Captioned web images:

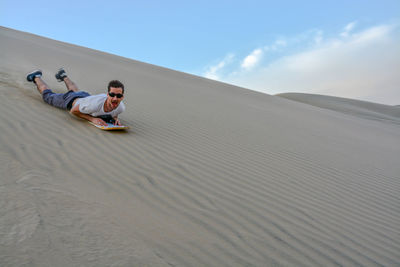 Full length of man sandboarding in desert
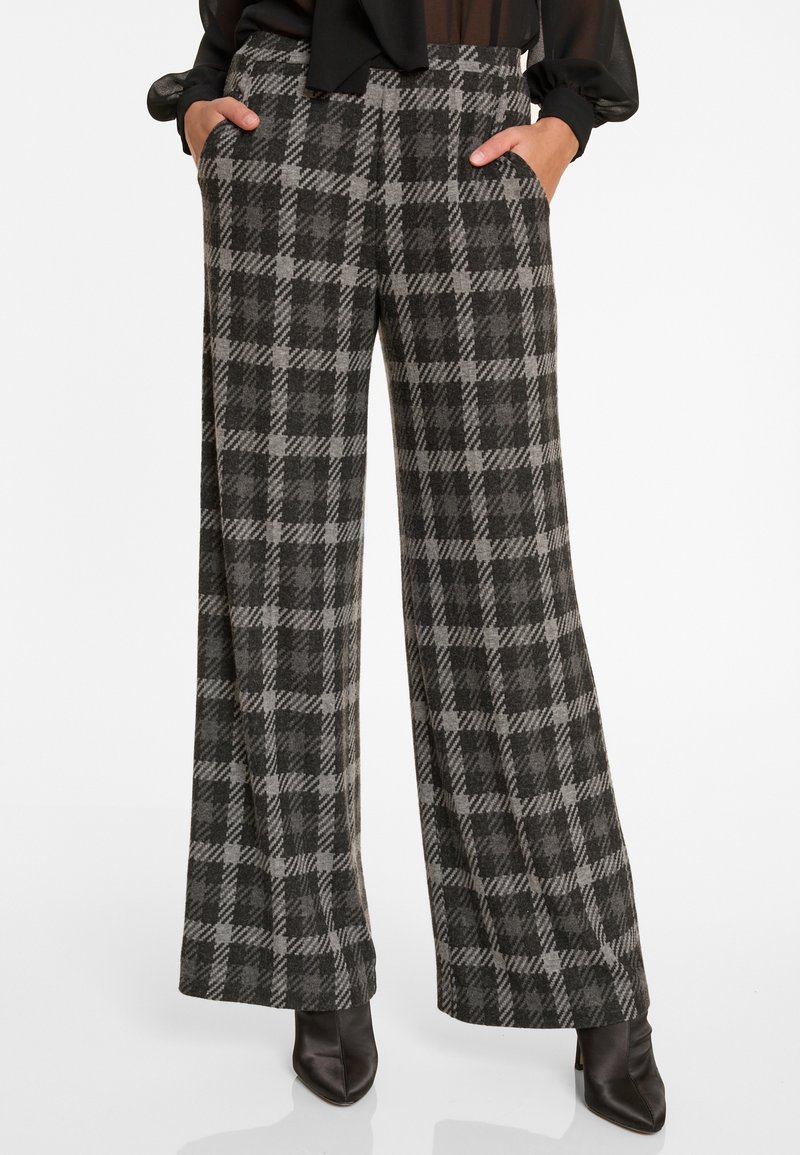 Wijdbenige broek in een zwart-grijs ruitpatroon, met zijzakken en een gladde textuur, gecombineerd met zwarte pumps met een puntige neus.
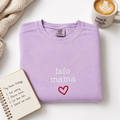 A folded light purple sweatshirt with 'fafo mama' and a dark pink heart embroidered on the front, styled on a white surface with a mug, notebook, and knit blanket.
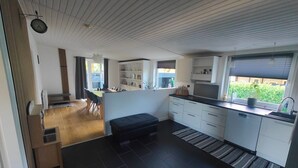 Una cocina moderna con baldosas oscuras, armarios blancos y encimera negra. Cuenta con una zona de comedor con mesa y sillas, y un pequeño banco.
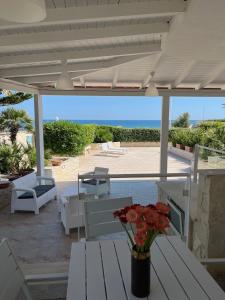 d'une terrasse avec tables et chaises et vue sur l'océan. dans l'établissement Villa vista mare, à Santo Spirito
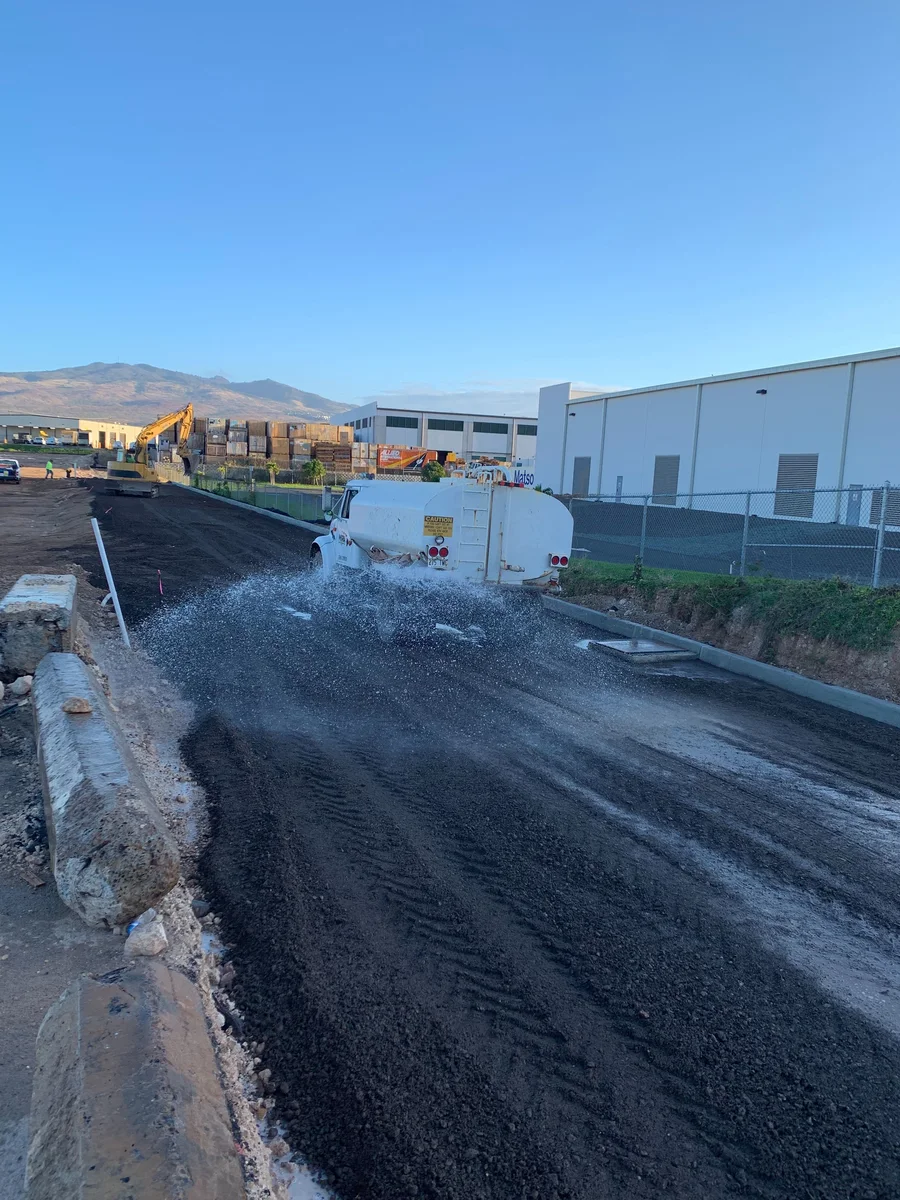 Watering and compaction work during industrial-site construction.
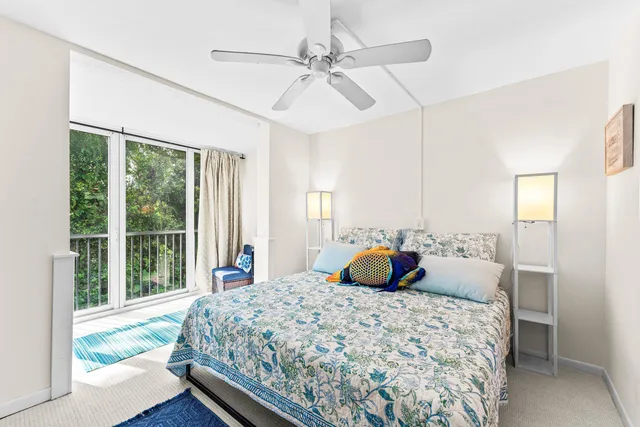 a bedroom with a large bed and a large window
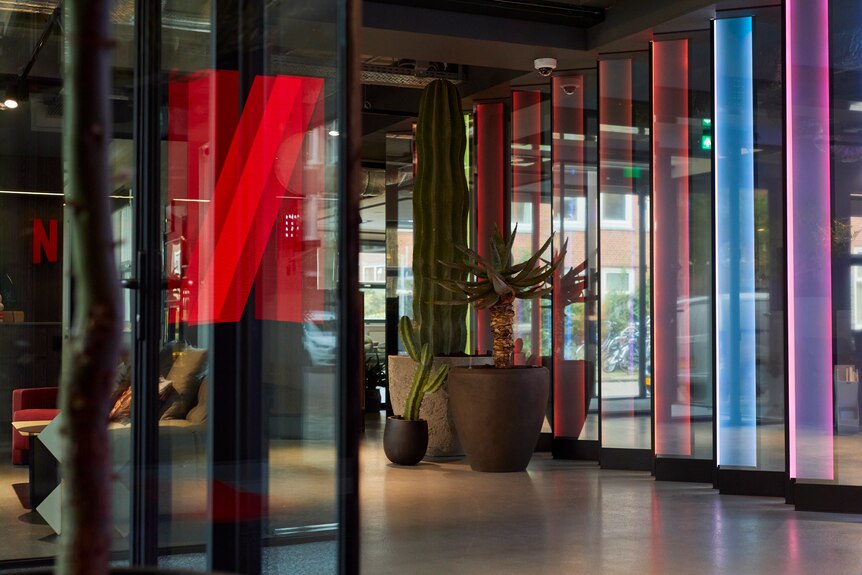The interior of office with a neon Netflix sign insid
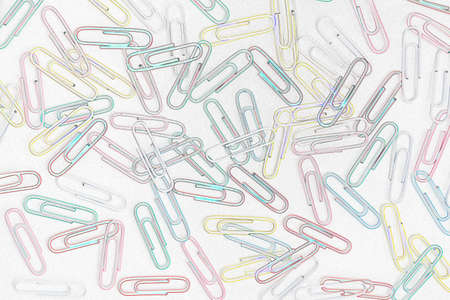 Cheerful background of colored paper clips on a white backgroundの写真素材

** EXERCISE PROMPT **
The records above should be retyped in full and exactly; omit the pictures.

** REPLY **
 Full length of man sandboarding in desert
 Wijdbenige broek in een zwart-grijs ruitpatroon, met zijzakken en een gladde textuur, gecombineerd met zwarte pumps met een puntige neus.
 A folded light purple sweatshirt with 'fafo mama' and a dark pink heart embroidered on the front, styled on a white surface with a mug, notebook, and knit blanket.
 Una cocina moderna con baldosas oscuras, armarios blancos y encimera negra. Cuenta con una zona de comedor con mesa y sillas, y un pequeño banco.
 d'une terrasse avec tables et chaises et vue sur l'océan. dans l'établissement Villa vista mare, à Santo Spirito
 Watering and compaction work during industrial-site construction.
 a bedroom with a large bed and a large window
The interior of office with a neon Netflix sign insid
 Cheerful background of colored paper clips on a white backgroundの写真素材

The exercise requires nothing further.